If something on the wiki contradicts an idea I had, then I work to modify the idea so that it fits. So ideas are less canonical than the wiki, though they may have some amount of canonical status given that I don't put everything I think of on the wiki (my plans for my next game, for instance).

Revising information, that again falls under the "how important and ingrained in the setting is this" idea. If an earlier idea seems to not be working out, or I've had a better one that would be better, my willingness to change it is dependent upon how important the information is. I have revised things, in the past, though as time goes on I do so less and less.
 


I'd say those are tremendous evidence to support my case, yes. In their ups, downs, treatment of game-related topics, repercussions on game play, etc.

For example, it's often interesting to consider what facets of a game setting are actively ignored by writers of fiction for that game setting, and how characters, items, rituals, etc from books are portrayed in game terms.
 

The fact a skill challenge, no matter how long it takes, is considered to be a single "encounter" interacts poorly with "encounter powers recharge after a short rest".
Is this fact stated in the DMG? I don't recall reading anything like that, but it's been a while (and then that whole chapter got rewritten in the errata...).
 

No, I'm presuming you're not crazy. You are however treating it as if there were an independent reality to it.

Which is probably the point. I'm not a big fan of that kind of play (unless it's Call of Cthulhu), but it's cool. I think it's awesome that GW has put all this creative effort into his game. Creative effort that I think will be rewarded in play by his player's engagement into the world he's created.

And together they end up changing the world, following the PC's choices to their natural consequences.

This is Simulationism and it's a good, creative, engaging way to play the game.
 

This is Simulationism and it's a good, creative, engaging way to play the game.

For some DMs and some players, yes. Which is the whole point - if you've got the players who want that, that's what you do. That's what they find fun, so it's the right choice.
 

Is this fact stated in the DMG? I don't recall reading anything like that, but it's been a while (and then that whole chapter got rewritten in the errata...).

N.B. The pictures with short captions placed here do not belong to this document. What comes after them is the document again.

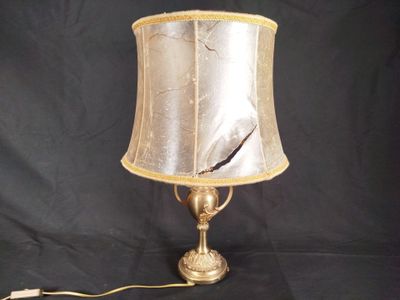 a lamp that is sitting on a table with a black background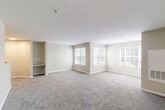This well-laid-out 3-bedroom, 2-bathroom unit at 3119 75th Ave in Hyattsville, MD offers a comfortable and functional single-floor living experience. The open living and dining area is generously sized, featuring neutral-toned carpet, built-in shelving, and multiple windows that fill the space with natural light and offer pleasant outdoor views of surrounding greenery.

The kitchen is efficiently designed in a U-shaped layout, outfitted with warm oak cabinetry, light granite-style countertops, white appliances including a range, dishwasher, and refrigerator, and wood-look vinyl flooring that extends throughout the wet areas of the home.

All three bedrooms are carpeted and finished with neutral walls, providing a calm and versatile backdrop. Each room benefits from window access, with the bedrooms offering views of the tree-lined surroundings. The primary bedroom is a comfortable retreat with dedicated closet access.

Both bathrooms mirror each other in style, featuring oak vanities with granite-style countertops, wood-look flooring, and clean white fixtures. One bathroom includes a walk-in shower with tile surround, while the other is similarly appointed. The overall aesthetic throughout the unit is clean, neutral, and move-in ready.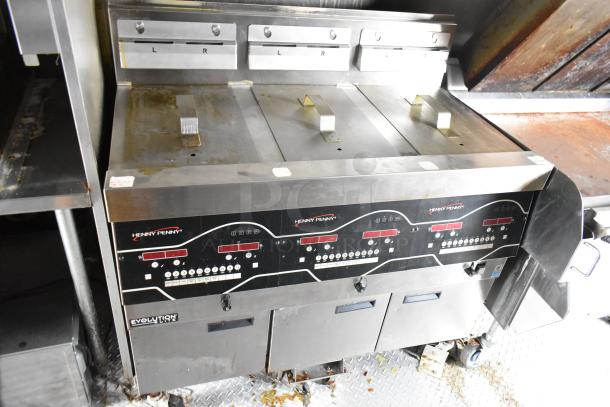 Henny Penny Evolution Elite fryer in fast food trailer, featuring digital controls and stainless steel finish. Clean condition.
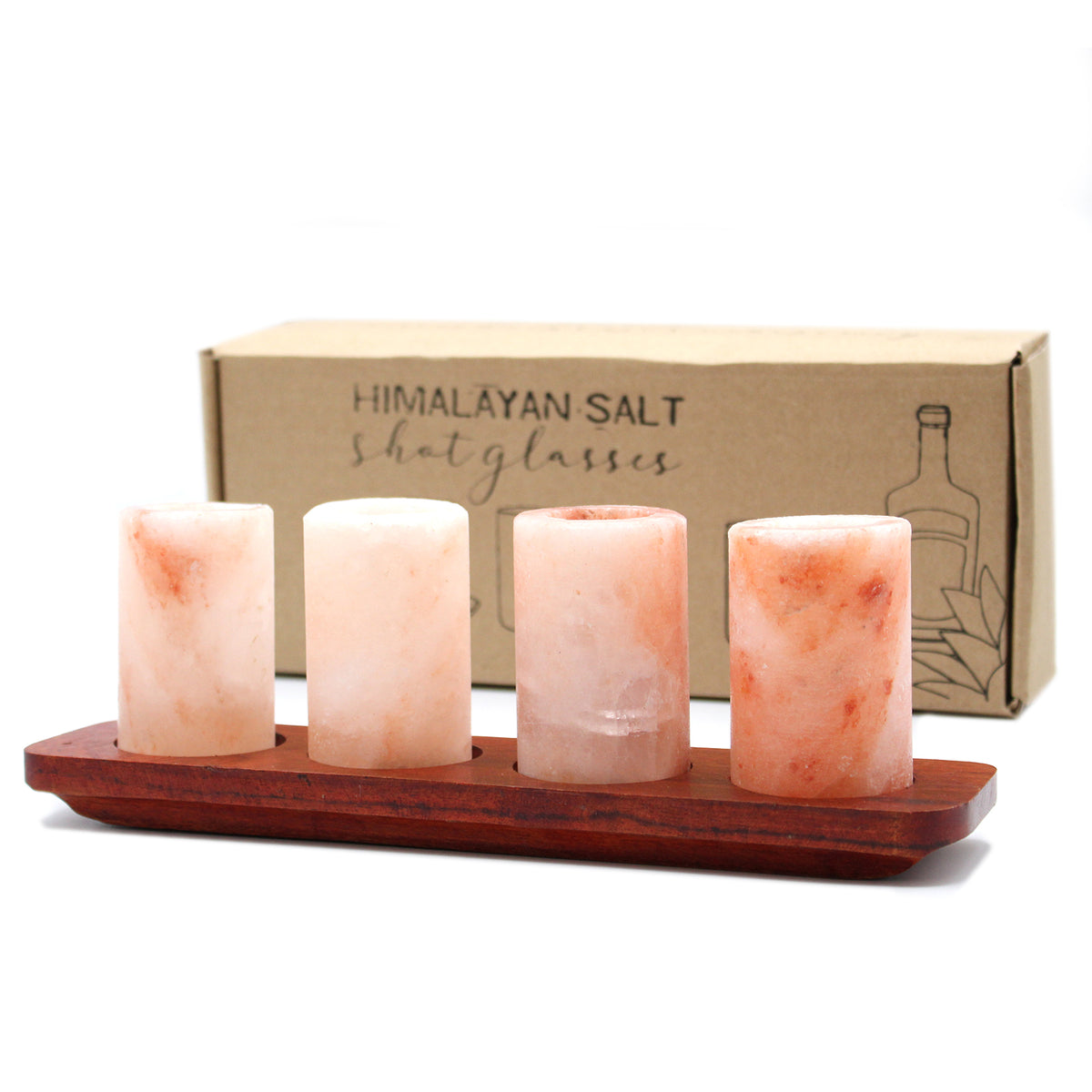 A set of four Himalayan salt shot glasses on a wooden tray, with each glass containing a small amount of pink Himalayan salt. The glasses are placed in front of a cardboard box labeled 'Himalayan Salt Shot Glasses'.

I asked about this on ENworld a few weeks back, when the issue of my using Crucial Advice more than once during a long-term challenge came up in play, and the hivemind consensus was, barring extremely unusual circumstances, the CS was "an encounter" and any encounter power could be used only once.
 


Well, it seems like a reasonable interpretation. I was curious about it being a "fact" since you referred to it as such a few times here - the DMG section on skill challenges is kinda skimpy as I recall and I don't think it gets that specific.

And after reading the latest skill challenge article from Mearls, where he constructs one that covers many days and is concurrent with other events, I don't know that that interpretation necessarily holds water. I would probably go with Keterys' take, myself.
 

However, whatever game I'm running, the PCs are the focus of that game. It is their story, and while the world story - or even the stories of other simultaneous PC groups - may have an impact on it, we're more interested in the story of the group, for the purposes of a game.
Keep in mind also that it is quite possible to have multiple "worlds" all use the one base design, provided it's deep enough.

To use the world I'm currently running as an example, if I may. Right now I'm running a dual-party campaign in the Greek-like lands. But once that winds down I could turn around and start an entirely different campaign in a far-away Celtic-based land, or Norse, or whatever; the point is the players don't need to know it's the same world I used for the last campaign, only recycled. :) Meanwhile, if I ever got so ambitious I could be writing a book about events in a third part of the same world....

Never mind the colossal amount of use you can get out of a single world if you start using different times in its history as the backdrop for your stories/campaigns/whatever.